A substantial move in the dollar nullified market participants from bidding the precious yellow metal substantially higher in trading today. As of 6:30 PM EDT gold futures basis, the most active August 2022 contract is fixed at $1849.70. The gains in gold today were largely muted by extreme dollar strength. The dollar gained 0.80%, or 81 points taking the dollar index to 102.58.
The significance of dollar strength can be best illustrated by viewing spot gold pricing through the eyes of the Kitco gold index, which separates the effect of dollar strength or weakness and market participants actively buying or selling gold. In the case of today, spot gold is currently fixed at $1846.70. This screen-print below is of the Kitco Gold Index taken at approximately 5 PM EDT. It has the current spot price of gold fixed at $1846.50, normal trading took gold pricing higher by $22.90 and dollar strength took away $13.80 of those gains resulting in today’s $9.10 price increase.
Both dollar strength and gains in gold pricing today were the byproducts of the market sentiment shifting its focus from inflation rather than raising rates today. It was this market sentiment that resulted in bidding the U.S. dollar higher and also being supportive of gold pricing. Typically, gold and the dollar move in an inverse direction rather than in tandem, as witnessed today.

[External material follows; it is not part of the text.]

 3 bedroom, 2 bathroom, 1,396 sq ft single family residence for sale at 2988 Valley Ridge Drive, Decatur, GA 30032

According to Reuters, “Gold prices rose from a two-week low on Wednesday as investors looked toward the safe-haven metal amid worries over an increase in inflation primarily due to rising fuel prices, although a stronger dollar and higher U.S. yields kept gains in check.”

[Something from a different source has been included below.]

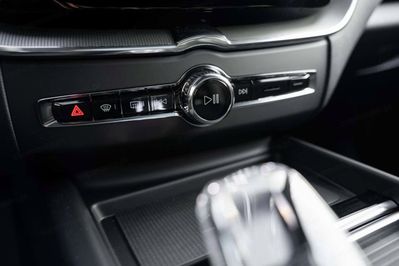 Volvo XC60 T6 Plug-In Hybrid AWD Ultra Black Edition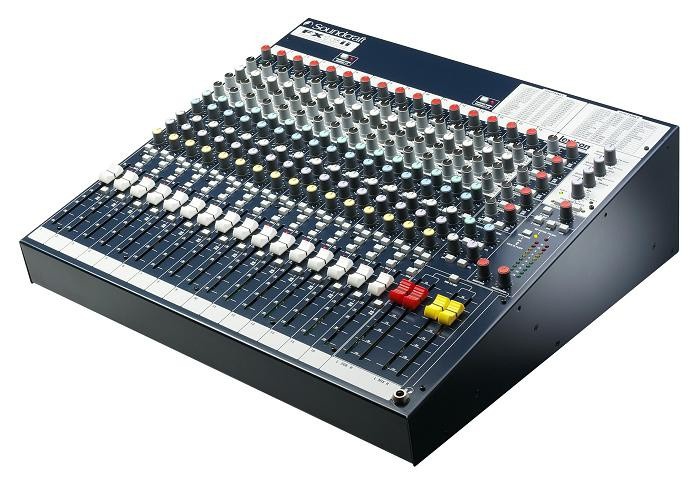 Микшерный пульт Soundcraft FX16II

In a Reuters article penned by Seher Dareen, the author cited oil prices strengthening today after European Union leaders agreed to a partial and phased ban on Russian oil as a major force that will keep inflation at current levels. This article quoted Edward Moya, senior analyst with OANDA as saying, “Investors now are desperate for more safe havens than just treasuries and that is why you are seeing gold outperforming.” Adding that “Inflation cannot really drop if these energy costs are that elevated. So I think the risk of much more aggressive tightening globally could really fuel the gold trade,”
This is precisely why the Federal Reserve’s plan to raise interest rates considerably over the next few FOMC meetings will not impact inflationary pressures brought about by the consistently high cost of energy. Without energy costs subsiding the Federal Reserve will have a difficult task at best at having a real impact on lowering inflationary pressures.